Quello che non torna della posizione sull'aborto del "cattolico tradizionale" Tim Kaine, il numero 2 di Clinton
Con Tim Kaine, il senatore della Virginia nominato lo scorso 22 luglio da Hillary Clinton suo candidato alla vice-presidenza, fa il suo ingresso sul palcoscenico più alto della politica americana un uomo che, per la sua posizione sull’aborto, è la personificazione del destino dei cattolici nel Partito Democratico. Cresciuto in una famiglia devota e formatosi, prima di approdare ad Harvard, in un liceo dei gesuiti, Kaine si è definito un “cattolico tradizionale”, ha affermato di credere che il non-nato è una “persona” (concetto giuridico e costituzionale che è il cardine della battaglia dei prolife in America) e di essere “personalmente” contrario all’aborto. Tuttavia, questo è solo il residuo dei convincimenti, ormai solo privati, che il cattolico Kaine eredita dall’ala anti-abortista del suo partito, un tempo consistente ma nel corso degli ultimi vent’anni quasi del tutto estintasi: in Senato Kaine ha sempre votato, sulla questione, in modo favorevole al diritto di abortire, come la sua compagna candidata alla presidenza.

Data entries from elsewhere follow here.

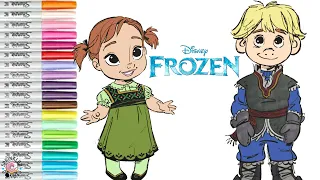 Disney Baby Coloring Book Pages Frozen Princess Anna and Kristoff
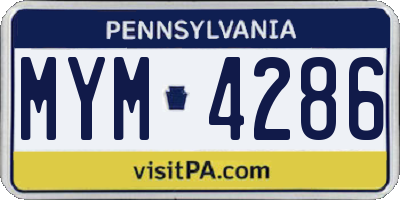PA license plate MYM4286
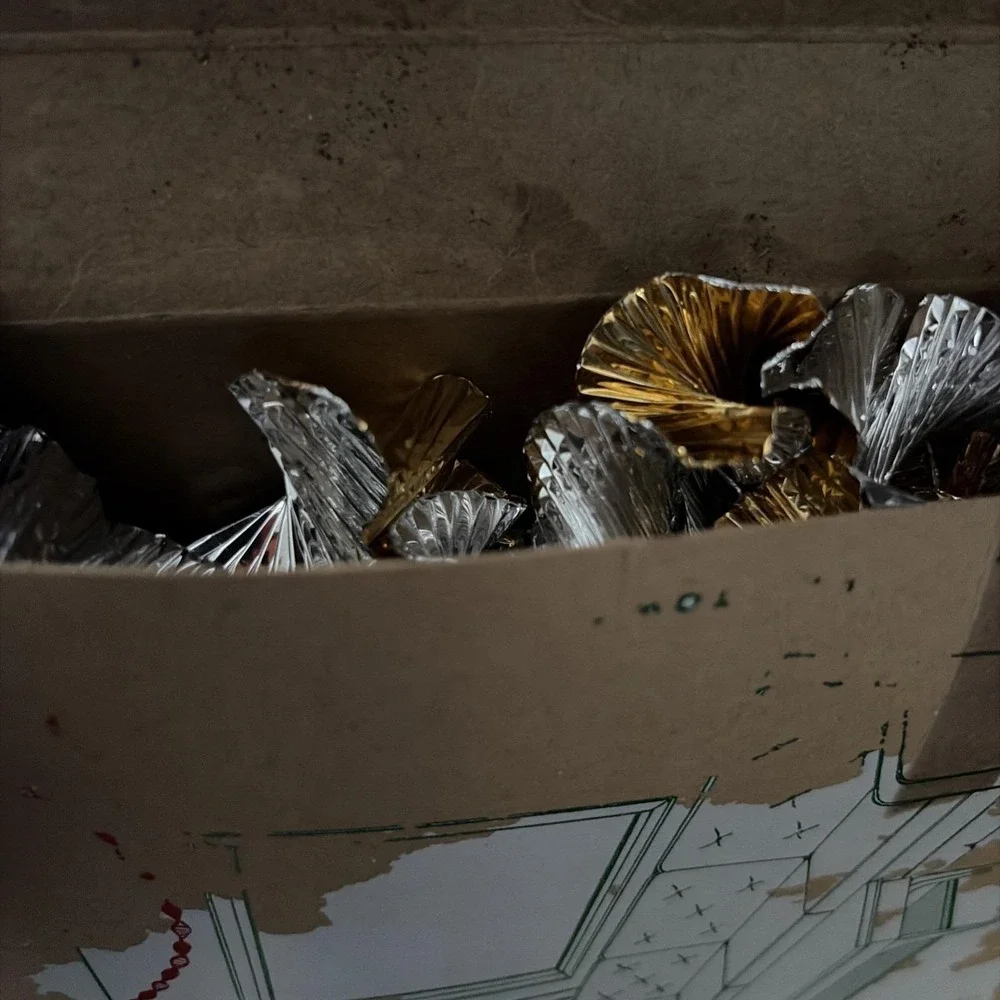 Jewel Foil Garland Gold Silver Christmas Tree Decor 30 Ft Mid Century Box VTG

Non diversamente da molti altri cattolici che hanno deciso di far politica tra i democratici, Kaine pratica una perfetta separazione tra il foro interiore e quello pubblico, tra la legge di Dio e la legge dello stato. Ciò non gli permette di dirsi cattolico senza problemi di contraddizione, tanto più in un paese in cui l’episcopato è stato sempre, anche in tempi recenti, molto chiaro sulla posizione che la Chiesa si aspetta, sull’aborto, dai candidati che si professano cattolici. La posizione di Kaine è in realtà deludente anche per il campo avverso di questa infinita culture war americana. Le associazioni per i diritti riproduttivi trovano insoddisfacente la posizione conservatrice del senatore sull’Hyde Amendment, il quale – approvato nel 1976 da una maggioranza bipartisan – vieta l’erogazione di fondi federali (cioè dei soldi del contribuente) per l’interruzione volontaria di gravidanza. L’Hyde è considerato un pilastro della politica sanitaria del paese e del fragile compromesso tra i due fronti, ed è secondo molti commentatori inamovibile, data la prevalenza delle forze moderate nel Congresso. Tuttavia, per la prima volta nella storia del partito Clinton ha deciso di fare della sua abrogazione una parte del programma, accontentando le richieste dell’ala più progressista. Il potenziale per una divergenza significativa tra Clinton e Kaine sulla questione c’è, e in questo caso il vicepresidente avrebbe dalla sua parte la maggioranza degli americani, che, indipendentemente dalla loro posizione sull’aborto, sono a favore dell’emendamento.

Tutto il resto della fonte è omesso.